En el escaso espacio que el preámbulo deja a otras consideraciones se cuela una en extremo significativa. Reza textualmente: «De esta manera, se devuelve la resolución del conflicto político a los cauces de la discusión política». Acabáramos. De eso se trataba. Se incorpora así al texto una expresión que, aunque tan inconsistente como ventajista, se ha hecho de uso común en cierto lenguaje político, si bien, quizá por no sonrojarse en exceso, el proponente da por sobreentendida la coletilla que suele añadírsele y que dice: «De donde nunca debió haber salido». ¡Todo un tratado jurídico-político!

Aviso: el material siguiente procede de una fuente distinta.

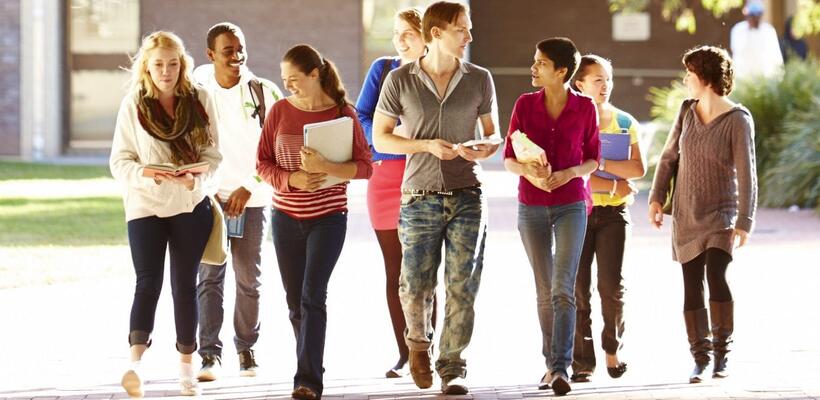 Επίδομα €700 σε φοιτητές για στέγαση και αεροπορικά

Se sugiere con ella que actos políticos como los que se produjeron en el 'procés' nunca debieron haberse sometido al control judicial y que fue éste una intromisión ilegítima en un terreno que le está vedado transitar.

Es lo que ha venido en llamarse 'judicialización de la política' y, en su denominación más extrema y peyorativa, 'lawfare'. También esto me ha despertado recuerdos y hecho pensar en la famosa frase que Cicerón pronunció en el contexto de las guerras civiles que asolaban Roma y que él se enorgullecía, con razón o sin ella, de haber logrado apaciguar en su consulado: «Cedant arma togae», es decir, si se me permite la libertad, «dé la guerra paso a los tribunales». Y es que, pese a la abusiva y expansiva derivación del término 'warfare' en el de 'lawfare', sólo mediante el control democrático de la política por parte de la Justicia podrá evitarse la arbitrariedad y salvarse la respetuosa interacción de poderes en que se sustentan el Estado de Derecho y, en definitiva, la democracia. ¿O no son los propios esfuerzos que el preámbulo hace por blindar al extremo los términos de la proposición los que demuestran -y así se asume- que también esta ley y su aplicación deben pasar los filtros de la Justicia en sus diversas instancias y niveles? Si así es, mejor actuar con coherencia y, aprovechando la pausa, redactar de nuevo, de arriba abajo, este impertinente preámbulo, reconvirtiéndolo en una auténtica exposición de motivos. Sobre la constitucionalidad de la ley se pronunciará quien debe hacerlo.